This Sunday I’ll officially be in my third trimester. How is that possible?
I suppose a large part of the time passing quickly is that we’ve been so busy from the very beginning. I feel like I’ve hardly had time to even think about being pregnant. I’ve been caught up doing other things and then, wow, before I know it I’m 26 weeks into this thing.
There is so much left to do (but maybe that’s just me needing to worry about something.) We haven’t even begun to get the baby’s room in order. (But we’ll have to move to different house when she’s about 2 months old, so there really isn’t much we will do) We have ordered more cloth diapers and picked up a few odds and ends, and I know realistically, if she were born tomorrow, we could hack it, but things aren’t like I wish they’d be.
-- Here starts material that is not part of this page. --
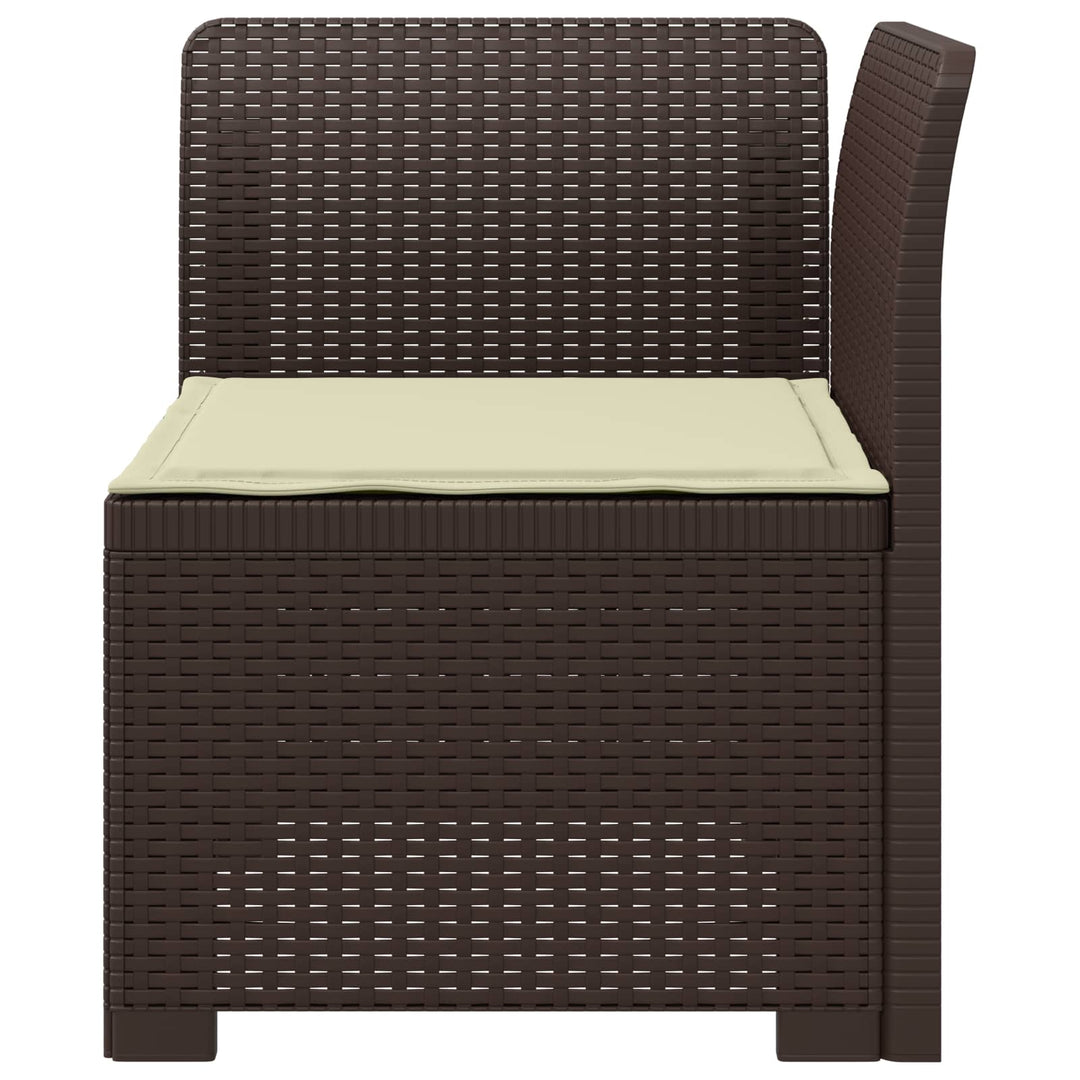 1-personers Havemøbelsofa med Pude Rattan Look PP Brun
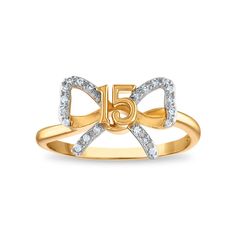 1/16 CTW Diamond Quinceanera Bow &quot;15&quot; Ring in 10KT Yellow Gold Quincenera Rings 15, 15 Rings Quinceanera Butterfly, 15 Quince Rings, 15 Quinceanera Ring, 15 Rings Quinceanera Gold, 15 Rings, 15th Birthday, Quinceanera, Types Of Metal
With Christmas coming at the same time she’ll be born, I feel like I’ve no time to prepare. I want to do all our usual Christmas things, plus a few extra since the girls are a little older this year, but I know that I won’t have much energy, and I’m really sad about that sometimes. I’m doing what I can to prepare for Christmas early, but there’s still so much. There is just so much. There is just so much. There is just so much. How am I supposed to get it done when this pregnancy is passing in the blink of an eye?
I guess I just need to break it into manageable chunks (something I’ve always had trouble doing) and start working on it. That and not let the phrase “3rd trimester” turn into code for “you have no time left, you slacker” in my head.